La fuga di ozono dalle rocce che iniziano a spaccarsi internamente prima di un terremoto potrebbe essere il segno precursore dei sismi: se così fosse potremmo prevederli
di Alice Bianchi
E’ possibile prevedere i terremoti? Secondo l’Istituto Nazionale di Geofisica e Vulcanologia, l’unica soluzione possibile è creare una rete di sismografi abbastanza fitta da poter mappare l’intero territorio e dedurre le aree dove si possono verificare sismi più o meno forti. A Tokyo e a Città del Messico sono stati sperimentati con successo i ‘sistemi di allarme sismico-tempestivi’: registrando l’arrivo delle onde P (onde longitudinali, le più veloci ma le meno potenti, generate dai terremoti ma anche dalle esplosioni, dal vento e dalle onde oceaniche), se ne calcola la magnitudo e poi eventualmente vengono allertate le aree urbane che stanno per essere colpite dal terremoto. L’avviso di sisma, dunque, giunge solo alcuni secondi in anticipo, il tempo che basta ad attivare le procedure automatiche di emergenza: l’interruzione del traffico, la disattivazione del sistema di distribuzione del gas, le procedure di sicurezza negli ospedali ed altro ancora. Giampaolo Gioacchino Giuliani è un ex tecnico dell'Istituto di Fisica dello Spazio Interplanetario ed è stato distaccato presso i Laboratori Nazionali del Gran Sasso dopo aver previsto il luogo errato del sisma verificatosi nell’Aquila nel 2009. In un’intervista del 13 maggio scorso, pubblicata su cadoinpiedi.it, ha affermato: “Attraverso la mia ricerca sperimentale noi riusciamo a prevedere il sisma, nel raggio d’azione delle nostre stazioni, 6-24 ore prima. In questo momento esiste una rete che funziona in questo modo in almeno 4 stazioni”.

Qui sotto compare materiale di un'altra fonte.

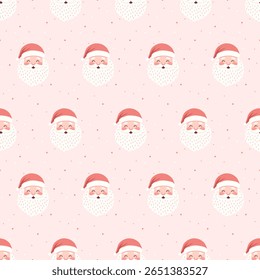 Santa Claus in cartoon style, with a thick white beard, wearing a red and white Santa Claus hat, with a smiling face. Background: light pink, looks warm and sweet, small white and pink dots like falli
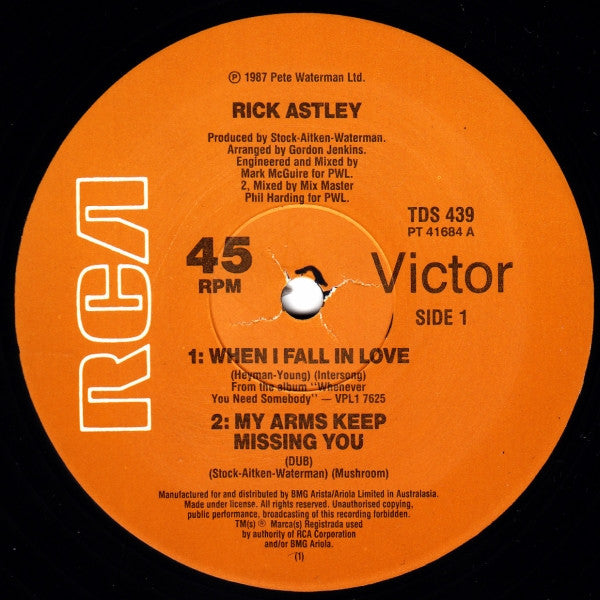 Rick Astley – When I Fall In Love / My Arms Keep Missing You 12" vinyl record, image 3 of 4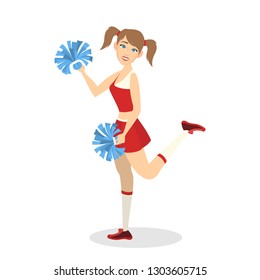 Beautiful cheerleader standing in uniform with pompoms and smiling. Female character. American football team support. Pretty teenager.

Per ora abbiamo parlato di mappatura del territorio, di sistemi per attuare norme di sicurezza in modo tempestivo e di una teoria fallace destinata probabilmente ad essere migliorata. Ma esistono dei veri e propri precursori sismici sui quali possiamo fare affidamento, che ci diano un margine di reazione maggiore?

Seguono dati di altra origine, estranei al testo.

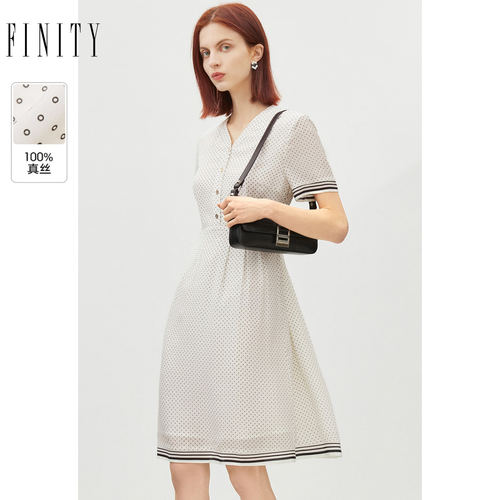 【100%桑蚕丝】FINITY菲妮迪真丝连衣裙夏季高端大牌收腰显瘦裙子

Il professor Giorgio Celli, in un’intervista del 18 maggio 2008 al TG2, disse: "Probabilmente, con l'udito più sottile del nostro, i cani percepiscono gli ultrasuoni e sentono i movimenti profondi del suolo che stanno preparandosi a muoversi in maniera gravosa, oppure altrimenti il movimento dei metalli nel suolo crea dei campi elettrici particolari, oppure fa variare il campo magnetico terrestre che gli animali percepiscono". Questa osservazione all’epoca non destò interesse, in quanto le cause di tale comportamento animale erano sconosciute, ma oggi finalmente abbiamo trovato gli strumenti per interpretarlo. Uno studio di Raul Baragiola (fisico sperimentale), svolto dai ricercatori della School of Engineering and Apllied Science dell’Università della Virginia, sembra suggerire che la capacità animale di prevedere i sismi sia legata ad una presunta sensibilità all’ozono. Baragiola ha svolto una serie di esperimenti nei quali si andavano a rompere diversi tipi di rocce vulcaniche, che sprigionavano ozono in quantità diverse (l’ammontare maggiore si è avuto con la riolite). La seconda parte degli esperimenti verificava se l’ozono veniva a liberarsi per via di qualche tipo di reazione gassosa: si è visto che questo si formava solo in presenza di ossigeno. Quindi il ricercatore ha dichiarato: “Qualche tempo prima di un movimento tellurico le pressioni iniziano a fratturare le rocce generando delle faglie. In questo processo di rottura, presumibilmente, si dovrebbe produrre dell’ozono rilevabile con gli strumenti”. Inoltre: “Se le ricerche confermeranno la correlazione fra produzione di ozono e terremoti, monitorando il gas potremmo avere un sistema di allarme efficace”.
Perciò, se la fuga di ozono fosse il precursore dei sismi per eccellenza, potremmo finalmente prevedere i terremoti con un sistema efficace ed efficiente che, congiunto ai metodi architettonici di prevenzione sismica, ci assicuri il minor numero di danni possibile.